Temporarily, this year, there was some limited upturn in the perspectives of the business community, when it witnessed the willingness of new Reserve Bank governor Gideon Gono to restore economic fundamentals, to combat inflation, to restore probity to the financial sector and to attempt to influence the government towards solid fiscal policies and effective governance.
But that partial restoration of business confidence was short-lived. On the one hand, an obdurate, bigoted and destructive approach by the Ministry of Education, Sport and Culture on issues of fees had devastating effects upon the continuance of operations and maintenance of standards of many independent schools, resulting in a very marked escalation in the migration of essential skills from Zimbabwe.
On the other hand and at the same time, undoubtedly with an eye on forthcoming elections, the government continued its policies of land acquisition with even greater vigour and with intensified racist rhetoric, despite having acquired far more than its own determined hectarage. That did naught to revive business confidence. Instead, that compliance was undermined further.
And then the first half of 2004 was characterised by a witch-hunt by the authorities against businessmen who had traded foreign currencies within what had become known as “the parallel market”. It was clearly of no consequence to the authorities that most of those who had done so had been so engaged not in order to externalise wealth, but in order to keep their businesses operational, their staff employed, the economy active.
It was irrelevant to the authorities that those businessmen had only done that which the government itself had done, and as had been resorted to recurrently by many of its parastatals. It was equally irrelevant to them that in a majority of instances the transactions had been effected through, or with the assistance of, registered banks who, as authorised dealers of the Reserve Bank, were effectively its agents.

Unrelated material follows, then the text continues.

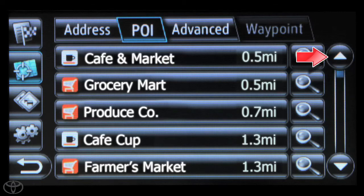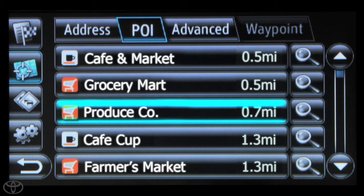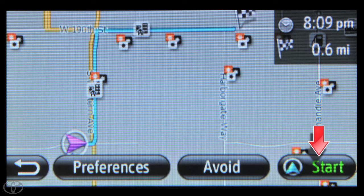You can use the up or down arrow to scroll to the desired destination, and then touch the destination you're interested in. A route map will appear, and you can touch Start to begin navigation.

Similarly, of apparently no concern was that such banks had, in effect, been pardoned for theirinvolvements, having fines imposed upon them refunded and licences reinstated. But those who were in many instances their partners in the transactions, have not been pardoned, and instead face aggressive investigations, prosecu-tions and potentially destroying punishment.
The business community sees itself as being harshly victimised and, therefore, it is not surprising that what little confidence that remained has been wiped out.
With these and many other factors business confidence is at an all-time low, which bodes ill for the emaciated residue of the economy, unless the government immediately pursues a comprehensive about-turn on its policies and actions.